A intensidade erótica do programa é previamente indicada em muitos deles, assim como a configuração inicial. "Ela + Ele", por exemplo, ou dividida por categorias como "em público", "fantasia" ou "voyeurismo", no caso da Ferly.
"Bem-estar sexual"
Ferly e Dipsea dedicaram recursos significativos à escrita e à produção de som, distinguindo-se de conteúdos mais amadores como acontece por exemplo na GoneWild Audio, do Reddit.
"Quando crias conteúdo erótico provocas uma sensação muito frágil que pode ser perturbadora se a resposta não funcionar ou se a voz não soar bem", diz Gina Gutiérrez, de 29 anos, cofundadora da Dipsea, enquanto dá conta que a plataforma já leva mais de 325.000 downloads.
"Uma pessoa sente realmente que está no quarto com uma outra, a fazer sexo com ela", diz Caroline Spiegel, fundadora da Quinn.
Porém, Gina Gutiérrez rejeita o termo "áudio porno" muitas vezes utilizado para descrever este tipo de conteúdo. Na sua opinião tal comparação remete o podcast para um cenário mais "transacional e frio" quando o "erotismo é mais amplo", com "uma conexão humana".
"É difícil encontrar conteúdo erótico que valorize as mulheres, ou que pelo menos que trate a personagem feminino com respeito", explica uma utilizadora da Dipsea, que pede anonimato. "Sinto-me respeitada e valorizada enquanto mulher quando oiço a Dipsea", conta à AFP.
Os 5,5 milhões de dólares [praticamente cinco milhões de euros] investidos na Dipsea e o 1,5 milhão [1,3 milhões] na Ferly puseram os Estados Unidos e o Reino Unido na vanguarda, mas o género também se está a tornar popular noutros países, como França, com "Les Chemins du désir" [Os caminhos do desejo, em tradução livre] na Arte Radio.

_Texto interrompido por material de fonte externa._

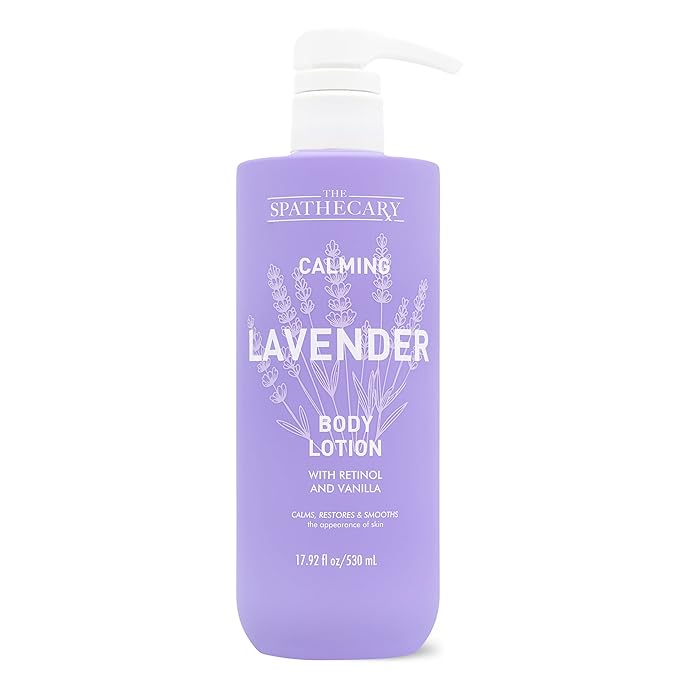 Calming Lavender Body Lotion – With Retinol & Vanilla – Soothes, Restores & Smooths Skin – Paraben-Free, Sulfate-Free, Aromatherapy Formula, 17.92 fl oz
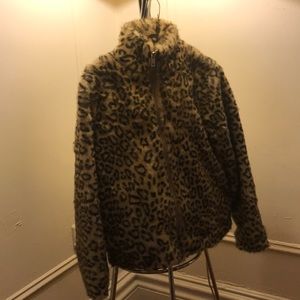 Faux fur leopard print winter jacket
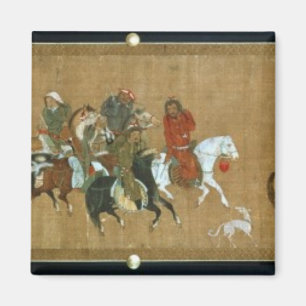 Ein Konvoi der Mongolen, Chinesen, 14. Jahrhundert Magnet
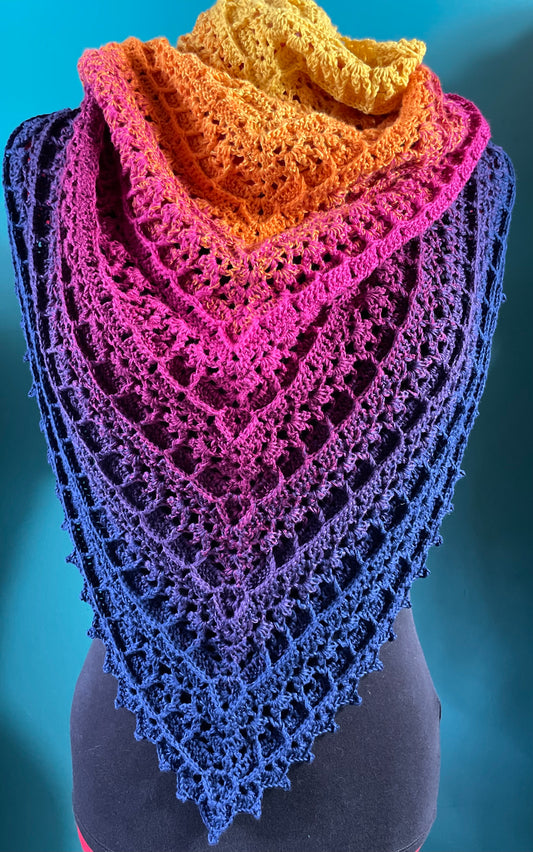 Vibrant Rainbow Lace Shawl, triangle scarf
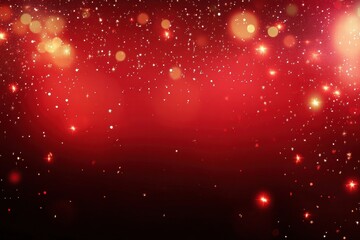 Poster - Beautiful red background with shimmering lights and sparkling bokeh, perfect for festive and celebratory occasions.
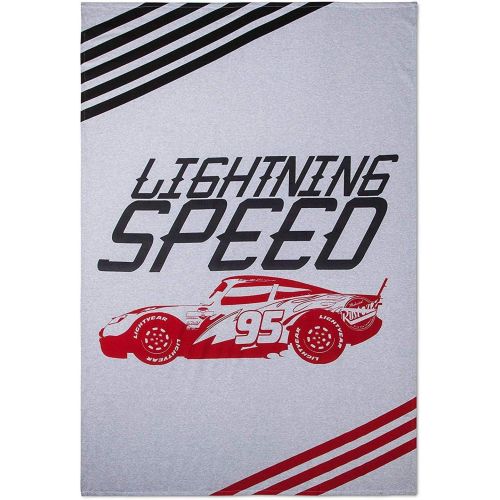디즈니 Disney Cars Lightning McQueen Lightning Speed White & Gray Bed Blanket (Twin)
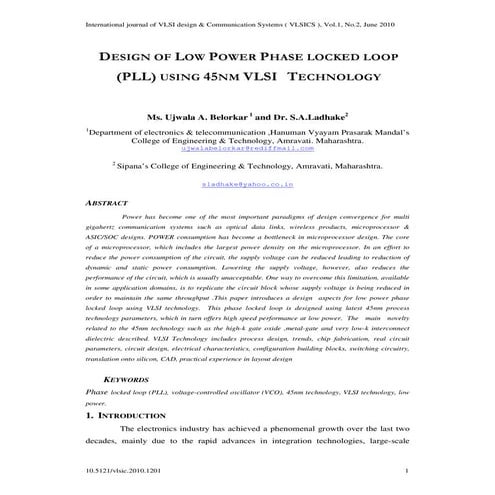 DESIGN OF LOW POWER PHASE LOCKED LOOP (PLL) USING 45NM VLSI TECHNOLOGY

"As pessoas desejam conhecer-se melhor"
Todavia, este auge do podcast erótico é parte de um movimento geral que, nos últimos anos, propõe abordar o sexo de uma forma mais moderna, menos estereotipada, especialmente para as mulheres.
"Estamos a viver um período em que as pessoas desejam conhecer-se melhor", diz Gina Gutiérrez da Dipsea.
Embora não tenha desaparecido totalmente, o preconceito historicamente associado ao consumo de conteúdo erótico tende a se dissipar. Yves, a utilizadora da Dipsea, explica à AFP que fala disso com os seus amigos e que até já publicou um link dum podcast erótico na sua conta pessoal de rede social Twitter.
Tanto para Dipsea como para Ferly, a ambição vai além do entretenimento, como demonstra a sua oferta de audioguias e de podcasts mais teóricos .
Billie Quinlan e a sua companheira, Anna Hushlak, foram ambas vítimas de violência sexual e olham para a Ferly como uma forma das mulheres que sofreram o mesmo reconquistarem a sua sexualidade.
"Compreender o que o prazer significa para nós é a essência do bem-estar sexual", diz Quinlan. "Quando o consegues, isso estende-se a todos os aspectos da nossa vida".
Embora a maioria das pessoas ouçam os podcasts sozinhas, de acordo com Gutiérrez, as que têm companheiros e os ouvem em conjunto "explicam-nos que sentem um forte impacto na sua relação".
As mulheres "podem ter mais vontade de tomar a iniciativa", diz a cofundadora da Dipsea. "Elas têm uma ideia mais clara de como o fazer, uma nova linguagem na cama, testam coisas. E isso dá força às mulheres, muito além do quarto", remata.